Why would a professional army (albeit with mainly conscript lower ranks) act in a manner that would bring shame to any soldier?
The answer lies in the history of the Soviet armed forces, and goes back even further, to Tsarist Russia. Jack Watling of Royal United Services Institute (RUSI) explained in an article in The Telegraph (UK) that collective punishment did not begin with Stalin. Russian peasants lived in communes and were expected to police themselves. If they didn’t, everyone suffered.
But if that’s the case, does it mean it’s a “Russian thing” and no one can do anything about it?
The answer is surely no!
Studying the Russian military during the Napoleonic Wars (1803-1815) there are no reports of widespread rape or looting. And this army included Cossack, Bashkir and Kalmyk mounted archers who might not have had the discipline of the regular Russian army. Even later, during Hungary’s independence war of 1848-49, Russia sent 200,000 soldiers to fight the newly minted Hungarian Honvédség (home defence force). The outnumbered and outgunned Hungarians had no chance, and in defiance of Austria, laid down their arms to the Russians. There were no reports of widespread looting, rapine and murder.
The brutality of Communism
It does seem that the inherent brutality of Communism had much to do with shaping Soviet soldiers’ behaviour.
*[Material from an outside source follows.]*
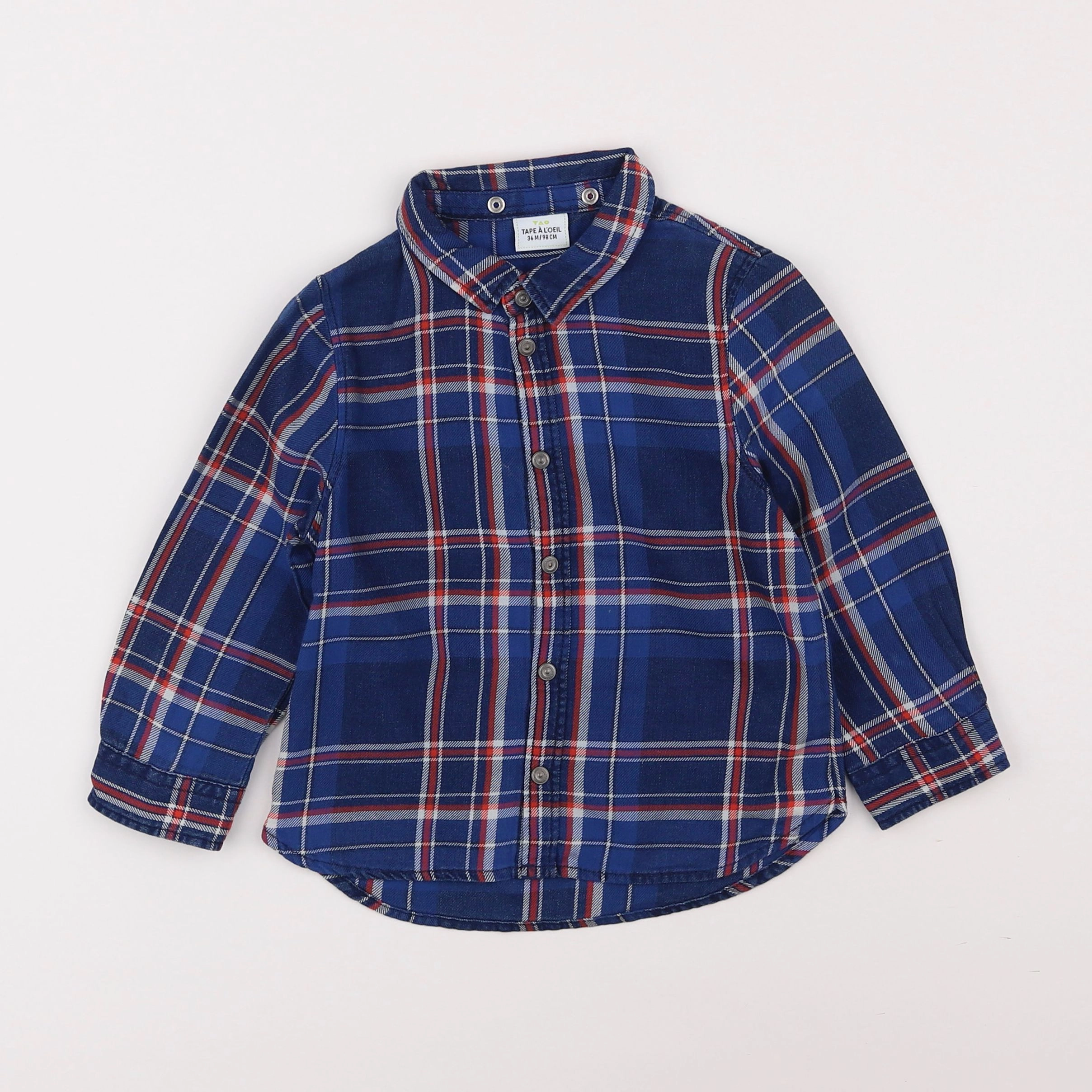 Tape à l'oeil - chemise bleu - 3 ans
In an August 1919 publication, the Cheka (secret police) journal proclaims:
“To us, everything is permitted because we are the very first to raise our swords not to oppress and enslave, but to release humanity from its chains… Blood? Let blood be shed!”
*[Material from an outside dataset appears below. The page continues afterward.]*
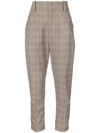 ISABEL MARANT CHECK-PRINT TAPERED TROUSERS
And there’s much more in that bloodthirsty vein. The Russian Civil War (1917-23) is estimated to have cost 10 million lives, plus Lenin’s extra-judicial killings, estimated at three million. Watling quoted a British diplomat from 1919:
“The number of innocent civilians brutally murdered by Bolsheviks at Argo and other Ural towns runs into hundreds; some of these people have been found with eyes pierced out, others without noses… girls have been raped.”
The right to do anything in the struggle to liberate people from their chains certainly continued under Stalin at the end of World War II and thereafter. Besides the huge population “transfers” (i.e., ethnic cleansings) involving millions, the Red Army looted, raped and murdered its way to Berlin and Vienna.
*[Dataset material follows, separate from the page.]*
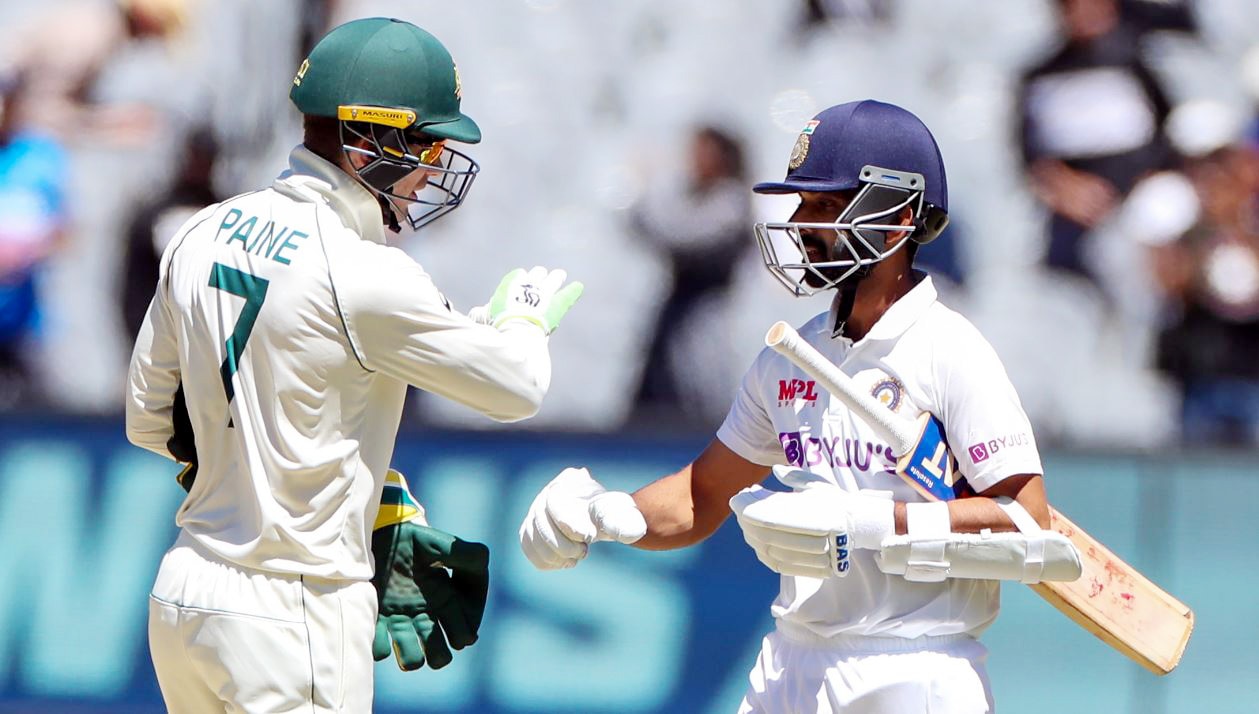 Tim Paine and Rahane (AP)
Silence from fellow travellers
I am not a conspiracy theorist, but the total lack of interest in this behaviour amongst Western academics, journalists and politicians could be called a conspiracy of silence. This is not to imagine people in smoke-filled rooms planning to keep the British, American, or French public ignorant, but rather a combination of lack of access to records, a fond remembrance of WWII Allied propaganda which portrayed the Soviets as “our heroic Russian allies” and a dislike of what they thought of as “Eastern Europeans”. After all, Britain, the Commonwealth, and the U.S. had hundreds of thousands of Poles, Ukrainians, “Yugoslavs”, Hungarians and other refugees they could have asked about these reports but preferred not to. There was also the evidence for Soviet looting and rape from the International Committee of the Red Cross (ICRC) and neutral sources like Sweden and Switzerland.
We should also not overlook the attraction that so many in the West found in Marxist rhetoric, or even Communism. In the 1940s and 50s, the KGB used this sentiment to recruit spies like the famous Cambridge Five (and hundreds of others). The French 1968 riots and other Western student movements used Che Guevara and Mao Zedong as their ideals. These were all radical left-wing movements and the student uprising would open the way for terrorist groups like Germany’s Baader-Meinhoff gang or the USA’s Weathermen.
It is worth noting that while Western protesters in 1968 risked arrest and a slap on the wrist, the Czechoslovak Prague Spring demonstrators risked death. They were calling for the kind of rights the French and other 1968-ers already had.
Nonetheless, the Western rebels’ influence was widespread in academia and politics. Two examples are the former president of European Union Parliament, Nicole Fontaine, and EU Greens leader and fanatical EU federalist, Daniel Cohn-Bendit. An example from academia would be American historian Lynn Hunt. In her book History, Why it Matters in which she points to how politicians like Donald Trump use lies to push their agendas. She lists numerous evils in recent history, from Turkey’s genocide of the Armenians to South African Apartheid to America’s treatment of Blacks and Native peoples to the Nazis. However, nowhere in the whole book is there a single mention of Communist crimes! That doesn’t make Professor Hunt a Marxist or Communist, but she is certainly helping their cause, even unconsciously.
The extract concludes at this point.